Cuando el trabajador es tratado en la empresa como miembro de una familia, recibe el estímulo adecuado para desarrollar su propia personalidad. Sale de su trabajo pensando que está haciendo algo por otros, que son parte de su vida. Irá a casa con la alegría de ver a su familia y llevarle lo que ha conseguido. En cambio, cuando el trabajador es tratado en la empresa atendiendo solo a su individualidad, se le está motivando para que se encierre más en sí mismo, en sus cosas. Usará su trabajo, la familia, las amistades, para construir su propia vida.
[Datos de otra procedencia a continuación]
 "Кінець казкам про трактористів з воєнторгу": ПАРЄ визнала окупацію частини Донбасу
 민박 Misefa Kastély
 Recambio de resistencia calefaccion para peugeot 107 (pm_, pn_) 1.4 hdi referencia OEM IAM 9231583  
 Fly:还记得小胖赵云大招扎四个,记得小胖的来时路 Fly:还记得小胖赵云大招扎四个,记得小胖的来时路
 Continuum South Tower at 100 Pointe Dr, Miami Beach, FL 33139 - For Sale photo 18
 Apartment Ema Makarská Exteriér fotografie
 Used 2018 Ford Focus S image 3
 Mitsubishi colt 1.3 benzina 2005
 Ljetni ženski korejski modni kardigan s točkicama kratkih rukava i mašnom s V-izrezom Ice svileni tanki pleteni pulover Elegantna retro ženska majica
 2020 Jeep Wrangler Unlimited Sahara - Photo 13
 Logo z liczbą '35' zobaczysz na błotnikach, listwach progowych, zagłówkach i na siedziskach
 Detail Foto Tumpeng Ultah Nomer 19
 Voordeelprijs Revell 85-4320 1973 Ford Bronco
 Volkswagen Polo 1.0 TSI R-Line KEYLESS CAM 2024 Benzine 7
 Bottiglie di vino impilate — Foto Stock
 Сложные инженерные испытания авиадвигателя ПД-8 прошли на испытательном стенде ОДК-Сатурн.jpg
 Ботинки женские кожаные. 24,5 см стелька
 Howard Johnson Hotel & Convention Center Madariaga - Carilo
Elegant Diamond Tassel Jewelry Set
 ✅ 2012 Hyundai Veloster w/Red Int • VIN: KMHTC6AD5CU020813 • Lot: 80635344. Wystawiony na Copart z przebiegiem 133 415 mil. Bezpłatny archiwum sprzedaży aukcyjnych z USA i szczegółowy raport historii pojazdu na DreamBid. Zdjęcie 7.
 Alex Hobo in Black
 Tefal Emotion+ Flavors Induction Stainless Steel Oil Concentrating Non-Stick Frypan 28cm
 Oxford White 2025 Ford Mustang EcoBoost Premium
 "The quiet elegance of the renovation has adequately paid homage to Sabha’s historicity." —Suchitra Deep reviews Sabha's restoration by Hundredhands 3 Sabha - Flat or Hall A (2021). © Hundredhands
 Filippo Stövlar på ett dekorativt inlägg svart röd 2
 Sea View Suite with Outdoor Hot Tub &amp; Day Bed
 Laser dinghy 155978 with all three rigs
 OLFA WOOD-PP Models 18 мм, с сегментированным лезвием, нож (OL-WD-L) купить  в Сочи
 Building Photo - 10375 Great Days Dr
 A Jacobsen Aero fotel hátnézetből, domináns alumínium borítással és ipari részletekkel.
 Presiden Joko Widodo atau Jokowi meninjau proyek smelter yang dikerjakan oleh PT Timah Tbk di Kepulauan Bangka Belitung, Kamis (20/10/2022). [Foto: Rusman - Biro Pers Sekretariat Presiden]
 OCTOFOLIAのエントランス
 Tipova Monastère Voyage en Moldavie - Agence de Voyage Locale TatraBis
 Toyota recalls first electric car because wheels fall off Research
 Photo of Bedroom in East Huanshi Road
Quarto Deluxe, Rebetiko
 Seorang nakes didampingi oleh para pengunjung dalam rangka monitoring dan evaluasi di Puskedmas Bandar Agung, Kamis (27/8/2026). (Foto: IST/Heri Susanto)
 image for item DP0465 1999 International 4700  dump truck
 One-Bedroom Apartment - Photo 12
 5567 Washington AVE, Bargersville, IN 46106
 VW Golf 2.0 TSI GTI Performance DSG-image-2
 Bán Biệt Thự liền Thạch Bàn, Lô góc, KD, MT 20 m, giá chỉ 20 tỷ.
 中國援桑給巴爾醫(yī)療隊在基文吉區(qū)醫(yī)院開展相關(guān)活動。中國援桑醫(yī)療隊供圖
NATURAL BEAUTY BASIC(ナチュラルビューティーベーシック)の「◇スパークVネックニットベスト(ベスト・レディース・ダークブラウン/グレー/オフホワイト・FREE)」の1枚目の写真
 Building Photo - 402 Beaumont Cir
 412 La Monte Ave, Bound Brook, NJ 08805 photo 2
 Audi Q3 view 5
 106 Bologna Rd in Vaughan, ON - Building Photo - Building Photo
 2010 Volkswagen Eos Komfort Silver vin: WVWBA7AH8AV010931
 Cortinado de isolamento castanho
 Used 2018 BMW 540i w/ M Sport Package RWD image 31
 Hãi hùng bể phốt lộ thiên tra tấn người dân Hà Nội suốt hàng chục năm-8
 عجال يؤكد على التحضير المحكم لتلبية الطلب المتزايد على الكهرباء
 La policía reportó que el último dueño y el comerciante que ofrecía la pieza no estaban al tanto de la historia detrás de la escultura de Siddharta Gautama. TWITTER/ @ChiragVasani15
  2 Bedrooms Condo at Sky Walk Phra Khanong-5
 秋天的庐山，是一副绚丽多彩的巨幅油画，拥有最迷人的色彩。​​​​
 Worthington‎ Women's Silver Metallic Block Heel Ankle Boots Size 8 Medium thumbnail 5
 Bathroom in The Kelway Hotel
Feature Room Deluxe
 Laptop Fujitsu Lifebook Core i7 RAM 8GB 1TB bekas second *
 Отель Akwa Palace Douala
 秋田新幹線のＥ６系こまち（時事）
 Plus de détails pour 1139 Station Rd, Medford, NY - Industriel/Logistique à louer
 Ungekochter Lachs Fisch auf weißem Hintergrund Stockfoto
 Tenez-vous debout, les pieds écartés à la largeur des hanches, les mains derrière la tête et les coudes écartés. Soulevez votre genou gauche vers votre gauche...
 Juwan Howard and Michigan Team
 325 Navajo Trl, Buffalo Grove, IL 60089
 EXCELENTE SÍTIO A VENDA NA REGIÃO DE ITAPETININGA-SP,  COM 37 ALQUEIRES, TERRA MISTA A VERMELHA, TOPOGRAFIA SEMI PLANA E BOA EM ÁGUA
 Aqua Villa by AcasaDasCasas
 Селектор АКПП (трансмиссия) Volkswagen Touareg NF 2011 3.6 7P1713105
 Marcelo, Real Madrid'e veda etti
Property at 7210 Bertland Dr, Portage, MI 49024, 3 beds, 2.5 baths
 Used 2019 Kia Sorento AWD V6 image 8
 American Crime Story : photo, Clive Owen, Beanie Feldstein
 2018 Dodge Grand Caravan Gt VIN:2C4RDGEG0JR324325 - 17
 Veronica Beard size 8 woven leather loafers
El individualismo del egoísta se convierte poco a poco en un atentado contra la familia y después contra la sociedad. Es distinto «aprovechar» que «aprovecharse». El primer término indica valorar lo que se tiene para ser mejor, implica también esfuerzo y sacrificio personal. En cambio, «aprovecharse» tiene un matiz peyorativo, como usar algo en beneficio propio. Allí no existe esfuerzo personal ni preocupación por los demás.

El Santo Padre, el Papa Juan Pablo II, en la «Carta a las familias», señala el peligro que existe para el ser humano cuando domina una mentalidad pragmática o individualista: «El utilitarismo es una civilización basada en producir y disfrutar; una civilización de las cosas y no de las personas; una civilización en la que las personas se usan como si fueran cosas».

Hoy, más que nunca, la familia tiene necesidades de educación. Educar a la familia es la meta que se deben trazar todas las instituciones, empezando por el Estado. En el Perú, la educación debe tener prioridad porque es el problema principal, más que el económico.

Muchos factores pueden influir para marginar a la educación y que quede siempre como la «cenicienta» de los sistemas. Se ha politizado mucho con la pobreza y las necesidades de las personas, manchando los proyectos educativos con ideales partidarios que dividen a los hombres, y eso ocurre cuando se busca más el puesto y el protagonismo que la solución real de los problemas.

Los que somos educadores sabemos bien que no se debe usar la educación como «caballo de batalla» para grandes proyectos. Lo ideal no es un concurso de proyectos geniales que tienen más o menos éxito durante un tiempo determinado, mientras funcione la organización que lo patrocina, para luego desaparecer o ser sustituidos por otros proyectos.